Most OWB’s are open systems and are connected to new or existing closed (pressurized) systems via a heat exchanger so that the two are isolated from each other. Sounds like they opened up the existing indoor system and plumbed the OWB right to it directly. If that’s the case, I’d give up now until it goes back to two separate systems.
My unpressurized lines come into the house to a 20 plate exchanger for domestic hot water and then to a 50 plate for my two in floor heat zones. Everything on the house side is pressurized and air free. A problem with one doesn’t affect the other. Pictures will tell the story but I’m afraid you’ve got a mess, especially if you’re losing water at the OWB. Does it also heat your domestic hot water?
 
The system is not pressurized and the gauge on the oil boiler is a gauge for a pressurized system. The water is not getting into the probe and we'll never get an accurate reading from it. Today the OWB water light indicated it was out of water. How can 300 gallons disappear in four days? I hit the switch to fill it and 10 seconds later water came shooting out the overfill. I'm thinking air lock again. Unfortunately I didn't check for the boiler until I got so cold I checked and found it was 63 in the house. Too busy working my day job, which believe it or not, is not working on our heating system. I'm too old for this. When I thaw out, I'll take pics of the system.

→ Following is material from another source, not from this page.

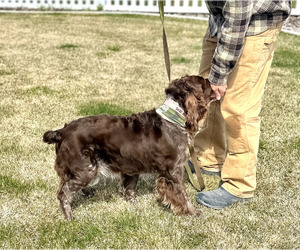 Mother of the English Springer Spaniel puppies born on 04/26/2025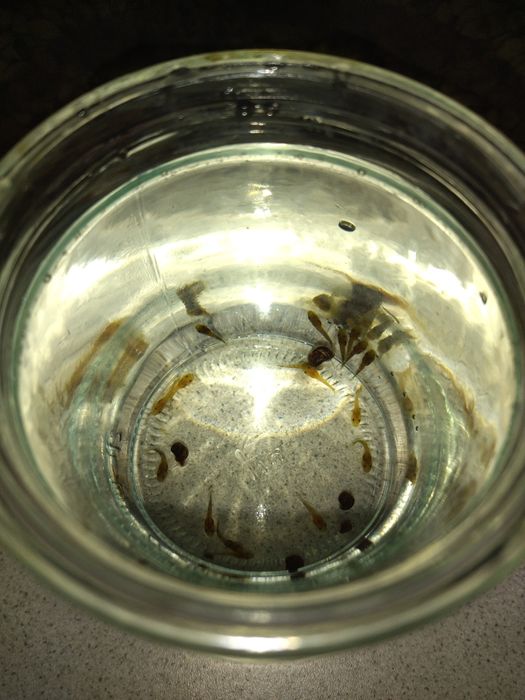 Продам аквариумных сомиков анциструс мальков 15 шт ,, недорого,,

I don't think 300 gallons disappeared. If it overfilled in10 seconds, it wasn't down much. That could be caused by a boil over, or air working its way out.

This is all the more reason to get the guy back out there, now. You paid for an install - it needs to be done right & to an operational level. Now that the OWB has water in it, you need to keep it going so it won't freeze up & break something, including the boiler. Does he want to jeopardize that? Let alone you being cold.

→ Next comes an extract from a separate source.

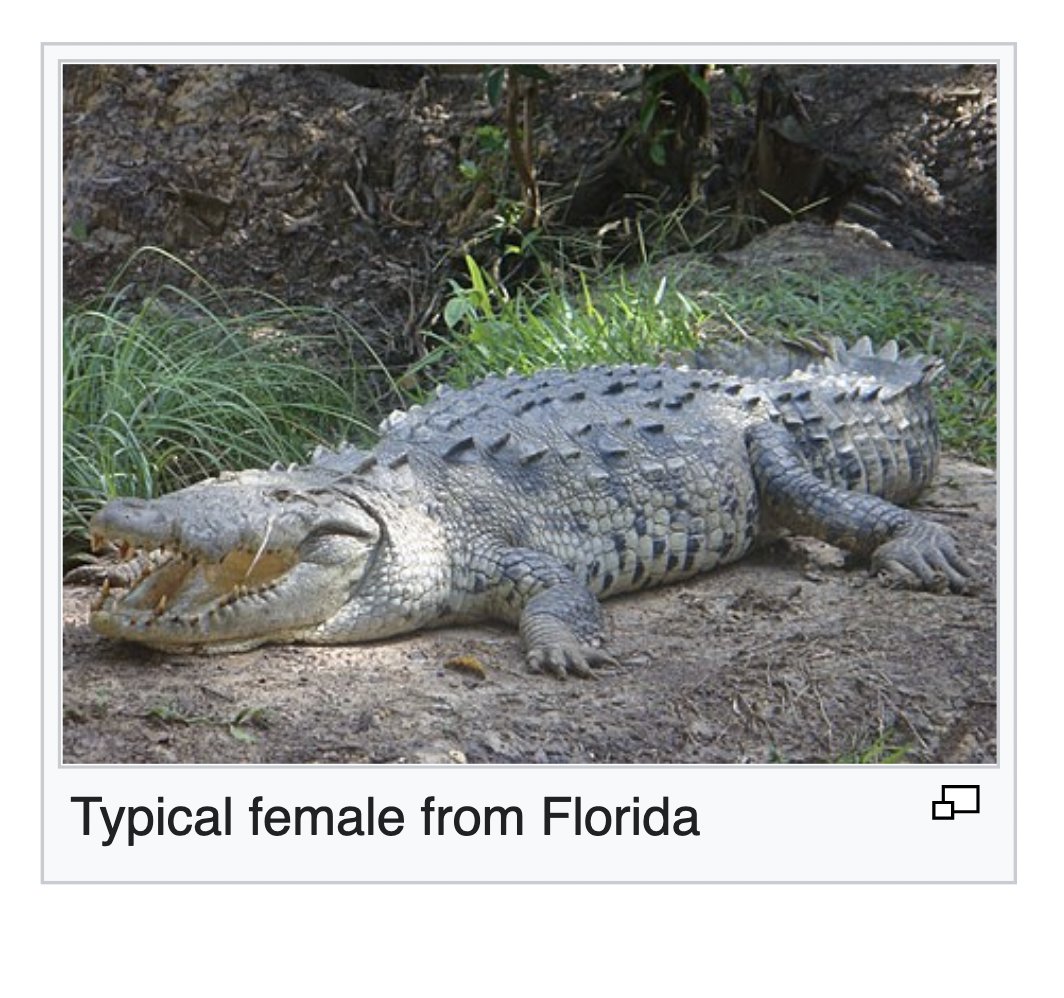AquaticFlapper's tweet photo. @SandyofCthulhu It really depends on what dragons lifestyle is and what they are related. Croc and monitors have bigger males while most rorqual whales and birds of prey have bigger females. It can go either way depending on what your dragons lifestyle are. https://t.co/ZLYEmDGEYr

Are you sure it is all hooked together as one system? And all unpressurized? Eureka noted the issues with that. I know some say you can do that, but IMO it is making for a very air lock prone system. Especially with a two story house. And opening the indoor system to all kinds of corrosion promoting oxygen rich water.

Also the water doesn't need to 'get to' the probe to read pressure. If that's what you mean. If there is air & pressure between the water & the 'probe' (gauge?), the gauge will read it. Although I am not sure exactly what you were meaning there.